My boys and I fully enjoy bird hunting and are leaning towards a GSP. 

What say you about the breed? Pluses/minuses?


----------



## PA BUCK 2 (Oct 17, 2006)

Good luck with the GSP. Have seen a lot of good ones!!! Do you have any breeders or lines you like?


----------



## Mike da Carpenter (Nov 26, 2017)

PA BUCK 2 said:


> Good luck with the GSP. Have seen a lot of good ones!!! Do you have any breeders or lines you like?


Nope. Just started looking last week. I do know I want to meet both parents and see how they are in person.


----------



## Setter (Mar 20, 2001)

Mike da Carpenter said:


> Nope. Just started looking last week. I do know I want to meet both parents and see how they are in person.


Be sure to check out English setters, strong hunters and great companions.


----------



## Gamekeeper (Oct 9, 2015)

GSP's are nice dogs generally.
Mine have been great companion animals, and fine hunters.
I've had 4.
BUT

They run trash.
There is a great deal of hound in them (by design), and there is always the risk of a porcupine, badger, ****, skunk, possum, "experience".

I'm done with them.


----------



## birdhntr (Jan 25, 2014)

I have two female littermates and I am having the time of my life with them.They don't seem to care for trash,very well behaved and docile in the home.Moderate speed and great foot hunter dogs which was my intention.Had two males previously and they were just as gamekeeper stated.Maybe it has to do with the breeding but I know I will never have a large male again!


----------



## augustus0603 (Oct 24, 2005)

I have two. They both had their "trash" phase but got broke of that quick. I have a retired, 14 yr old male and a 9 yr old female that will still run all day and run through walls for You. I love them. I picked up a setter too and have really come around to them. Much more quirky than the GSPs but loyal as they come.


----------



## Mike da Carpenter (Nov 26, 2017)

What do you all mean when you mention “Trash”?


----------



## augustus0603 (Oct 24, 2005)

Mike da Carpenter said:


> What do you all mean when you mention “Trash”?


They tend to like fur. Deer, possums, rabbits, skunks, etc. I've seen setters and English pointers just as enthusiastic about porkies. Both my GSPs got into porkies when they were pups and it never happened again.


----------



## Duckhunter66 (Nov 24, 2013)

I had one several years ago, she was the best dog I ever had. Thinking about getting another when time permits.


----------



## PA BUCK 2 (Oct 17, 2006)

I am sure that there are some really good GSPs/kennels out there. I have worked with and trained with the owners of these two kennels.

http://www.shootersshorthairs.com/
Pete and Lisa have some really nice dogs. They do a lot of Grouse and woodcock hunting with their dogs during the season. They also duck hunt with them. They are heavy into NAVHDA. Not sure what litters they have upcoming- but worth a look in my opinion.
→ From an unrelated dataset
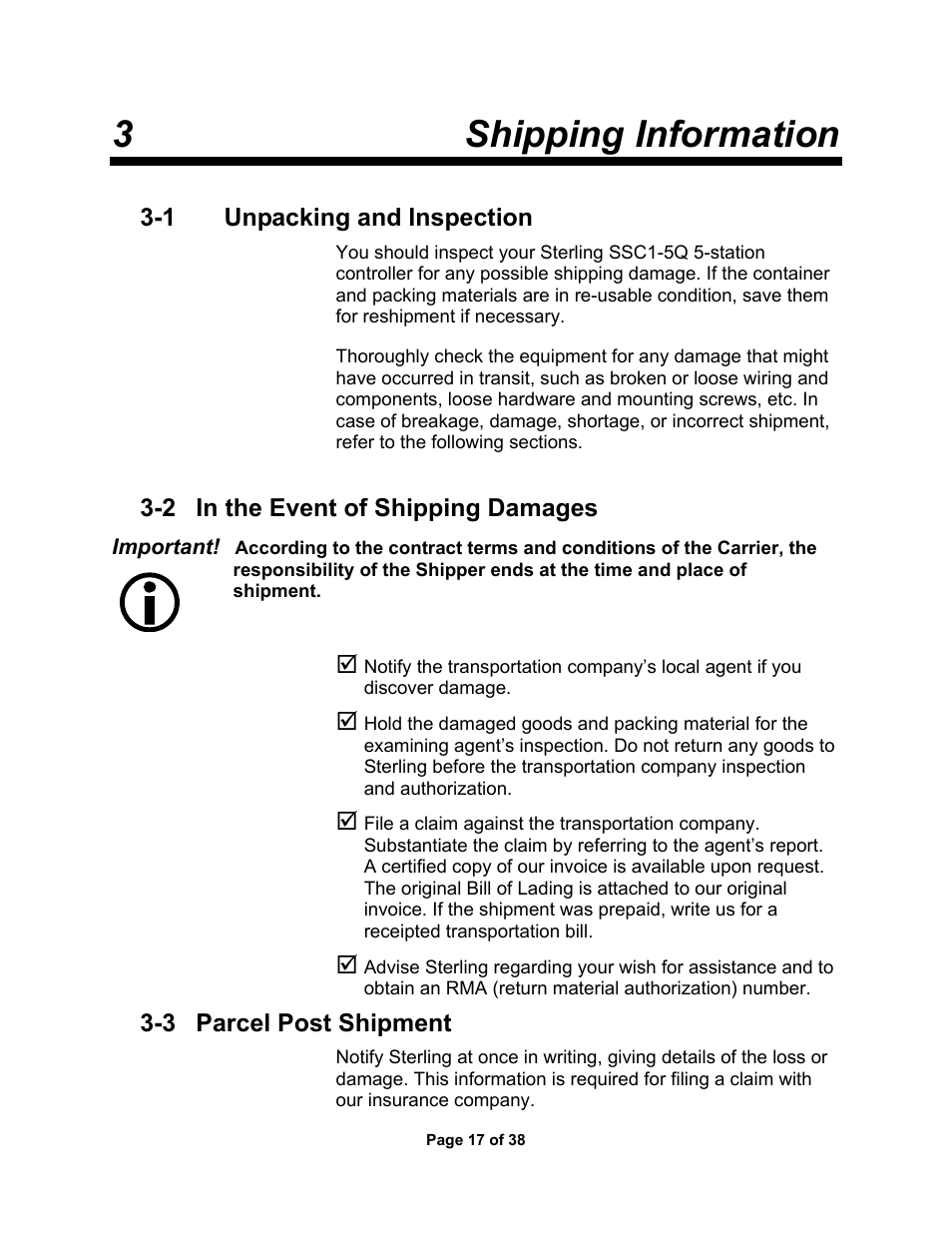 1 unpacking & inspection, 2 shipping damages, 3 parcel post shipment | 3 shipping information | Sterlco SSC Conveying Systems User Manual | Page 18 / 39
http://www.pointabirdgsps.com/
Greg has a really nice dog that I trained with the last couple years- Cider. He is a stud! I would look at this line to see if you like them. Similar to Pete and Lisa- Greg hunts uplands and waterfowl.
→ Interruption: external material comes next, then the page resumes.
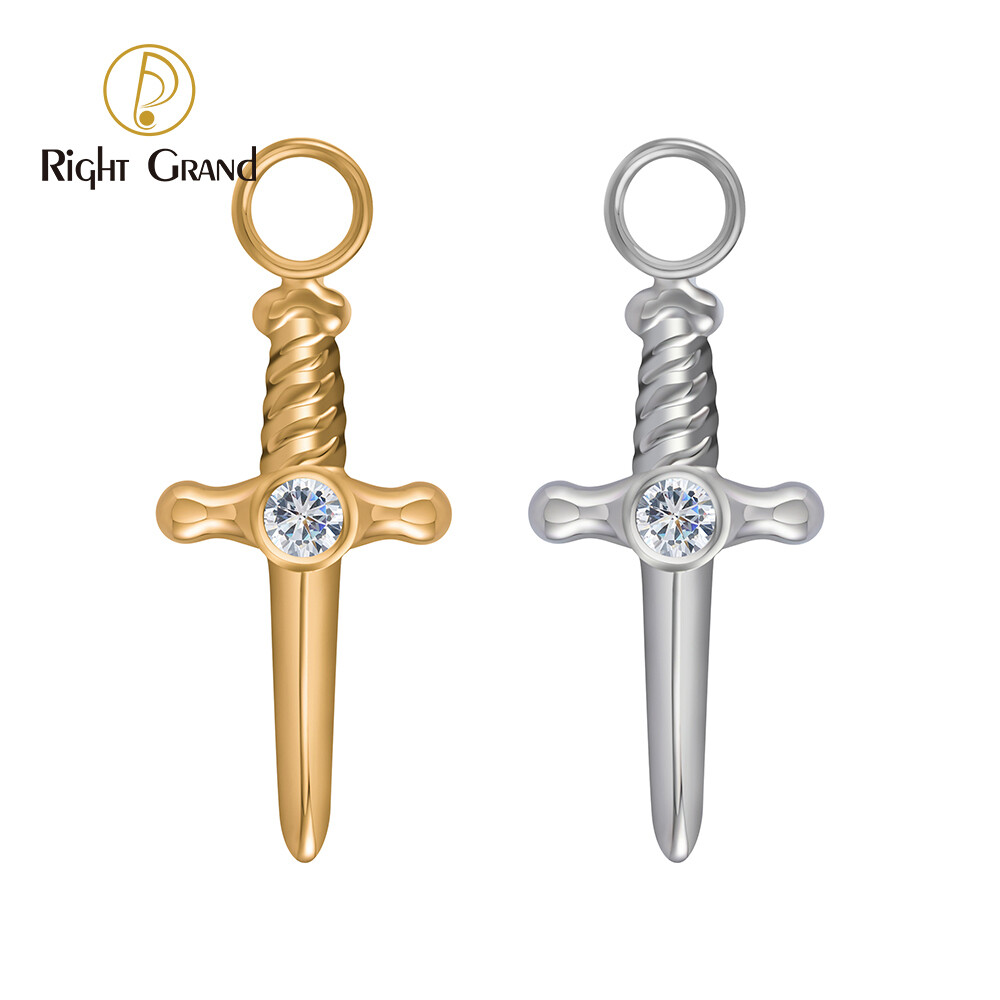 Right Grand ASTM F136 Titanium CZ Dagger Sword
 Charm for Earrings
I have another friend that has breed his male twice now and kept pups from him. His dogs are out of Scott Townsend's stock, crosswind kennels. Good dogs... He runs a lot of NASTRA with them and also does NAVHDA. My brother in law has a Abbe lane GSP http://abbelanekennel.com/  has a really good nose and is a very nice dog. He spends a lot of time at our house in the summer and we hunt together. He could use some more training- but not the dogs fault.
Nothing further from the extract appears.